## Requirement:
Among the entries that follow, locate the line with "The outside of" and the line with "Ilustrasi menggunakan seated". Output those lines and all lines in between, exactly, minus the pictures.

** Records supplied follows **

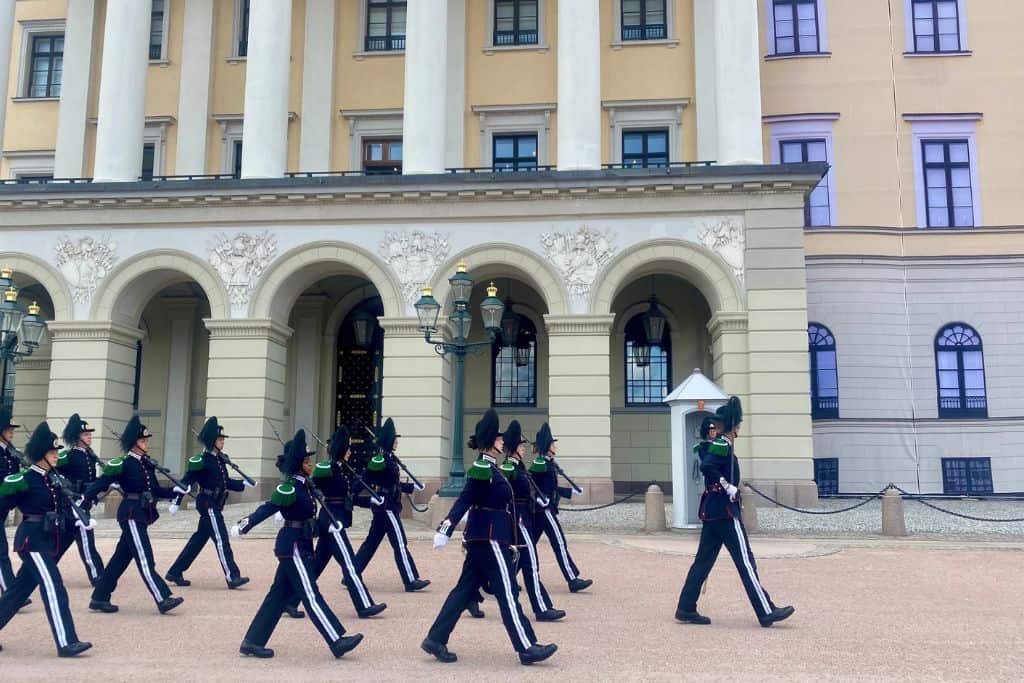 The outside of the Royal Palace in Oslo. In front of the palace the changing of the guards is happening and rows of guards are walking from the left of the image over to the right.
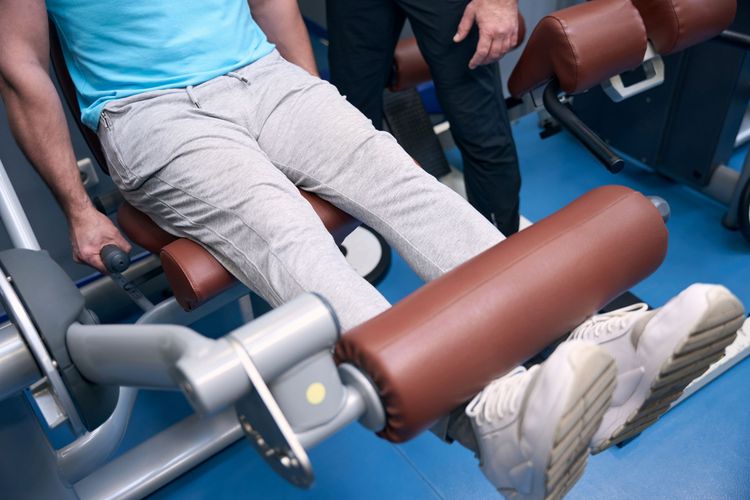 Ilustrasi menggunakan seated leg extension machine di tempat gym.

** End of Records supplied **
** Records supplied follows **

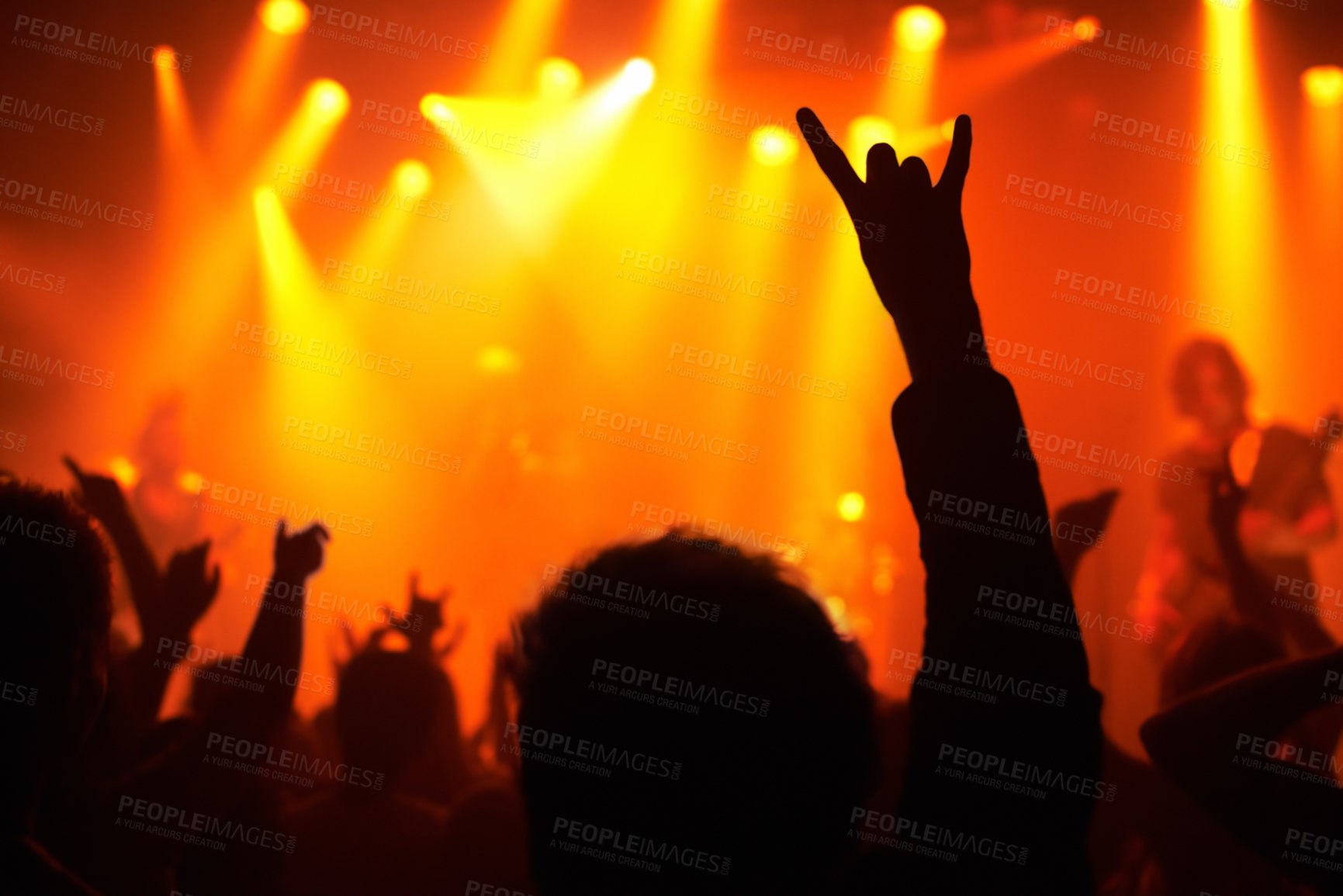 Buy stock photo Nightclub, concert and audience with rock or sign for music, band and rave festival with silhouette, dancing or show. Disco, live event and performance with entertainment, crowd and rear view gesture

** End of Records supplied **
** Records supplied follows **

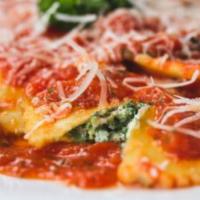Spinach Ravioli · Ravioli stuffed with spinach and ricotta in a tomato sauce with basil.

** End of Records supplied **

## Task response:
 The outside of the Royal Palace in Oslo. In front of the palace the changing of the guards is happening and rows of guards are walking from the left of the image over to the right.
 Ilustrasi menggunakan seated leg extension machine di tempat gym.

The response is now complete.